El sordomudo Singer vive absolutamente feliz en compañía de otro sordomudo, Spiros Antoneapulos, un griego infradotado, obeso y ladrón, que tiene una vena violenta y demente: “Había en el pueblo dos mudos que estaban siempre juntos. Todas las mañanas, temprano, salían de la casa en que vivían y caminaban calle abajo, tomados del brazo, hacia sus tareas…” Cuando Antoneapulos muere en un manicomio, Singer no puede soportar el vacío y se dispara un tiro en la sien.

Berenice, la cocinera negra en Frankie y la boda, tiene un ojo de cristal de color azul que “destaca fijo y tremendo sobre su cara tranquila”. Berenice un día lejano conoció el amor. Pero su marido, llamado Ludie Maxwell Freenan, murió un jueves del mes de noviembre. Desde entonces, la cocinera busca a ciegas algo para reemplazar a aquel hombre que la había hecho más dichosa “que ninguna mujer humana de todo el mundo”. Y así van rodando, a lo largo de la obra de la novelista americana, todos sus personajes, grotescos, infelices, grasientos y solitarios, en un universo ambiguo y absolutamente poético.

Y en su capacidad poética, en el relieve del detalle, en la mágica facultad para recrear en su prosa sus mundos interiores tan llenos de encanto e interés, es donde reside la singularidad narrativa de Carson McCullers. “Con ella -dice Pierre Dommergues- desaparece una época, la de los años cuarenta, en la cual la joven novela americana se desenvuelve siguiendo las huellas de William Faulkner. Tenesse William, Truman Capote, y, sobre todo, Carson McCullers, perseveran en esta moda sentimental, narcisista o francamente trágica de la gran tradición del Sur.”
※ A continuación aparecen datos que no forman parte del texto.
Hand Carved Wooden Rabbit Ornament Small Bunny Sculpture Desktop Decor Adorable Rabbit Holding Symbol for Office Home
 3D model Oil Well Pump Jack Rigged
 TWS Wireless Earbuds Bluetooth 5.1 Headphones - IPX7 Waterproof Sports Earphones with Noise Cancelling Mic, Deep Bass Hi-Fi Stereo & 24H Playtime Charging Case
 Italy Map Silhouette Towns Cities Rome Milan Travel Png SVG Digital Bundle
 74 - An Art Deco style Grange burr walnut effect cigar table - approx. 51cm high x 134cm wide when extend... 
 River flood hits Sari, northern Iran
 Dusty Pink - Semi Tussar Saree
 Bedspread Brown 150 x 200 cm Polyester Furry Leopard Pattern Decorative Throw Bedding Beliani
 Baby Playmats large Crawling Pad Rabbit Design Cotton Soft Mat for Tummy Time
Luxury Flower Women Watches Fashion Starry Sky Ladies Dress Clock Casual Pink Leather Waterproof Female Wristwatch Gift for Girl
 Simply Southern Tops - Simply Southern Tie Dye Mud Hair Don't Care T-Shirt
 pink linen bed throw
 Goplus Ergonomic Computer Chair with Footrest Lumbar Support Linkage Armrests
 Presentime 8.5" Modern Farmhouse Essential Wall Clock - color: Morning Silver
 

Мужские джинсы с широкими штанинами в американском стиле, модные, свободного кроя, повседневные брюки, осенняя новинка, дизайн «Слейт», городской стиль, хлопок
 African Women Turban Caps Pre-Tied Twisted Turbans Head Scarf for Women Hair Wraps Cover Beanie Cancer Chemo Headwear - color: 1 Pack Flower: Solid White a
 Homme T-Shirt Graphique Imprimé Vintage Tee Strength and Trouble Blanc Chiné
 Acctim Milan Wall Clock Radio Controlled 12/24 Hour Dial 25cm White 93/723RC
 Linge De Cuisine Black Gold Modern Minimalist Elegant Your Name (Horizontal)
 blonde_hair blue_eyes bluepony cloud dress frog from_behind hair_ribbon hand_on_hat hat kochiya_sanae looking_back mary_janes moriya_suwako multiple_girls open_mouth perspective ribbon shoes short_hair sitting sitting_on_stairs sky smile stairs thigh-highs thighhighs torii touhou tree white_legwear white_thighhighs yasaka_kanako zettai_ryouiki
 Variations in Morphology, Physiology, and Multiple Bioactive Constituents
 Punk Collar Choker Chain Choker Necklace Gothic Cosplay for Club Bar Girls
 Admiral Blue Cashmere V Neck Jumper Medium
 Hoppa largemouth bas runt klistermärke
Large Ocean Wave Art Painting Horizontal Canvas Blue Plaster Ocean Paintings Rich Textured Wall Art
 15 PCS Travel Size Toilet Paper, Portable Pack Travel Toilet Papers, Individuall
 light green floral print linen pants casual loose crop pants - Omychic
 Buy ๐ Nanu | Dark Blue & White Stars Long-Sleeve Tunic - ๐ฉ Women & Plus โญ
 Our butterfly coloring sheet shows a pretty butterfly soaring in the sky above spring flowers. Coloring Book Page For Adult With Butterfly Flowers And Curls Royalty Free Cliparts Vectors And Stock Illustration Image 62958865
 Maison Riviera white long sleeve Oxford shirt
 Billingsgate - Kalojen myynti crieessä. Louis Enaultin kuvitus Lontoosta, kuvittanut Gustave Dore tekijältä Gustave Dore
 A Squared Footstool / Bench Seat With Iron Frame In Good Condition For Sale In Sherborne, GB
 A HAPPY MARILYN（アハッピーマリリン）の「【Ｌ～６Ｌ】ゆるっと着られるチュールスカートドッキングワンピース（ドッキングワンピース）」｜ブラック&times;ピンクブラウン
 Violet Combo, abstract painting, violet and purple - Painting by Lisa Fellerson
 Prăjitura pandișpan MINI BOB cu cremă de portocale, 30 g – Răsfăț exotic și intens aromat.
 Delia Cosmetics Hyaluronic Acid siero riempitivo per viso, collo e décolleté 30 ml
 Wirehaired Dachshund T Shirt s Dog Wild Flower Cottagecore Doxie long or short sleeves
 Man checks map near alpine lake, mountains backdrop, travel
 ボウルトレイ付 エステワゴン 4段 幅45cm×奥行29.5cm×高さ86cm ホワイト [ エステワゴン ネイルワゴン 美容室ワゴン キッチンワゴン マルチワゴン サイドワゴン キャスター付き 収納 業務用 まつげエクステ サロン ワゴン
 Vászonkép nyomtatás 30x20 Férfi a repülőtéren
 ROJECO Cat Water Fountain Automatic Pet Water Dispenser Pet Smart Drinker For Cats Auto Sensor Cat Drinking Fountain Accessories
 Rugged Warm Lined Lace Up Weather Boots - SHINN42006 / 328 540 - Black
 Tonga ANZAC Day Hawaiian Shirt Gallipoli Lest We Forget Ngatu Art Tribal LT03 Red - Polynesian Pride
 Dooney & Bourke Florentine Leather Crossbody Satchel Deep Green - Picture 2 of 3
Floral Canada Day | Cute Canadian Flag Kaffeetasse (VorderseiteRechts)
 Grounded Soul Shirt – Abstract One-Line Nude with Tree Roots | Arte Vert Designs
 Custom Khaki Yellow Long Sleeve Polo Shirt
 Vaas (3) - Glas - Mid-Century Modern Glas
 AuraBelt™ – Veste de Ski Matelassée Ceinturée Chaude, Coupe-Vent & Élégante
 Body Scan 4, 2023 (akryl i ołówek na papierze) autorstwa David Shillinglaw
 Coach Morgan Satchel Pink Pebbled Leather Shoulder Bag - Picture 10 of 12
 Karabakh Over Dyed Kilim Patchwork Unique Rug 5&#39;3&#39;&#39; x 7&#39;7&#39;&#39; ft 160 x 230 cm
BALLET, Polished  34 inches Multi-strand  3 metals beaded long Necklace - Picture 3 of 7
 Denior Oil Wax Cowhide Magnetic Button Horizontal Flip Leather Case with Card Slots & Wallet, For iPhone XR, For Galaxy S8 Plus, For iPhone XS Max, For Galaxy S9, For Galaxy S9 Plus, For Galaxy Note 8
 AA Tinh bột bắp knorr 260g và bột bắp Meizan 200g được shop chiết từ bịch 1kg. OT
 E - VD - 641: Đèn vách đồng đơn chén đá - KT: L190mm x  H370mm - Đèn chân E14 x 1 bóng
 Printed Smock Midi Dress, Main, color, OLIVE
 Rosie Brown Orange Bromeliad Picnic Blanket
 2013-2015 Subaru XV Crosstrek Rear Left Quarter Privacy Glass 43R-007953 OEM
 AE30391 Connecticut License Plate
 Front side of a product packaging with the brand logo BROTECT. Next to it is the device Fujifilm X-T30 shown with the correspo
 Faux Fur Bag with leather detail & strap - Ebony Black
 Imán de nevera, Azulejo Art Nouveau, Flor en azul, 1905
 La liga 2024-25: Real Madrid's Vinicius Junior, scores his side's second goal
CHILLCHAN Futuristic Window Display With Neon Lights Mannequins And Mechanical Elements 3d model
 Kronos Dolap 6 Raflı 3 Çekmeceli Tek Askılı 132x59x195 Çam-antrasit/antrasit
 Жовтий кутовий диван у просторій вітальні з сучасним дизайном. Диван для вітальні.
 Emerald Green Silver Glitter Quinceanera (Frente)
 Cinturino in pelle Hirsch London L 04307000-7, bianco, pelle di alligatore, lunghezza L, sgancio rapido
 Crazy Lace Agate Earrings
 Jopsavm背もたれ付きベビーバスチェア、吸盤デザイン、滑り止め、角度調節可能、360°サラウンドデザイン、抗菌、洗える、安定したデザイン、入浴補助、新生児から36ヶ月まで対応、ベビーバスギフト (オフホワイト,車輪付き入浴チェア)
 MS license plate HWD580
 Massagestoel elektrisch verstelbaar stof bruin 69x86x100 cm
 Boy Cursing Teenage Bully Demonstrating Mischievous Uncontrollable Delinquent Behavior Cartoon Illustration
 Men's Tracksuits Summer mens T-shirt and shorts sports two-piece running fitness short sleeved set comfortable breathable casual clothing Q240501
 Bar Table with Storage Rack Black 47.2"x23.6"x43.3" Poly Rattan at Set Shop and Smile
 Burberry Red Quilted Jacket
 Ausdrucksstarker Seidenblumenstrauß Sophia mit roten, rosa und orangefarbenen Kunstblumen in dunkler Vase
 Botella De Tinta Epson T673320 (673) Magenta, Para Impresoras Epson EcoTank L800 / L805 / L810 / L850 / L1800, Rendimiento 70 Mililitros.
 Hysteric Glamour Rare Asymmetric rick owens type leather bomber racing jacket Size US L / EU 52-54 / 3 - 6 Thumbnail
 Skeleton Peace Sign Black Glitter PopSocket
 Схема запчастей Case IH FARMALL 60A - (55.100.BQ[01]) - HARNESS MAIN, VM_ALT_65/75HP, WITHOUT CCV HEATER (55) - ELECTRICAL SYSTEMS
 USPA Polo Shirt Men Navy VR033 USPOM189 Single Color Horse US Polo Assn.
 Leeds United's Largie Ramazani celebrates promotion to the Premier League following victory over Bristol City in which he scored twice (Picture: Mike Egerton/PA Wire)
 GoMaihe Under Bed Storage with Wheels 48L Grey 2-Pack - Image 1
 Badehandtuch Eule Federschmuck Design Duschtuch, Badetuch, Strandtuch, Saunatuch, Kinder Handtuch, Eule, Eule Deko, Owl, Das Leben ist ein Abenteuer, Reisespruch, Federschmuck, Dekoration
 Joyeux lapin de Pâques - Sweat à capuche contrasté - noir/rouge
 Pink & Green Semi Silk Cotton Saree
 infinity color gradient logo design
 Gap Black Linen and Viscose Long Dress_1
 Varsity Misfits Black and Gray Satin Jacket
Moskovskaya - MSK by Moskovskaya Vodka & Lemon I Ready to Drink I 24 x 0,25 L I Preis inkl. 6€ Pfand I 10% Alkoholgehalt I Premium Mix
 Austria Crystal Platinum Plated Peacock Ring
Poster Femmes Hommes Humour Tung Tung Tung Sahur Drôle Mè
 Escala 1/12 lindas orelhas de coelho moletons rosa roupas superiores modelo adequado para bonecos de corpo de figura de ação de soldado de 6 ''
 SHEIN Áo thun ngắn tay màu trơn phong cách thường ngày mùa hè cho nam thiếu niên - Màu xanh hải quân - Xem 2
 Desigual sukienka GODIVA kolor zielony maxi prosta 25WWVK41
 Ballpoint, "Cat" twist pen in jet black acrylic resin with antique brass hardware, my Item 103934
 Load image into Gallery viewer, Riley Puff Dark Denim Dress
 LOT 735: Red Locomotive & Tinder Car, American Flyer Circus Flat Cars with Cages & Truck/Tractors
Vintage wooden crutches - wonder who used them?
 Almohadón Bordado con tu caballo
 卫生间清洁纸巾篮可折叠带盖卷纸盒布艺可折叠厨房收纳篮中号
Es su pueblo sureño, el perfumado Columbus, de Georgia, el que ha inspirado a la escritora sus mejores novelas. Quizá en su piso de Nyack, aquel último otoño de su vida, recreó nostálgica el aroma de los eucaliptos, recién florecidos, el acre color de las flores silvestres que crecían junto a los caminos, la visión de las altas cañas de azúcar que habían madurado y esperaban la hoz, o la segadora mecánica, flexibles y rojizas. Mientras escuchaba, o creía escuchar, el canto de un negro, entonando la música sensual y vibrante de un blues.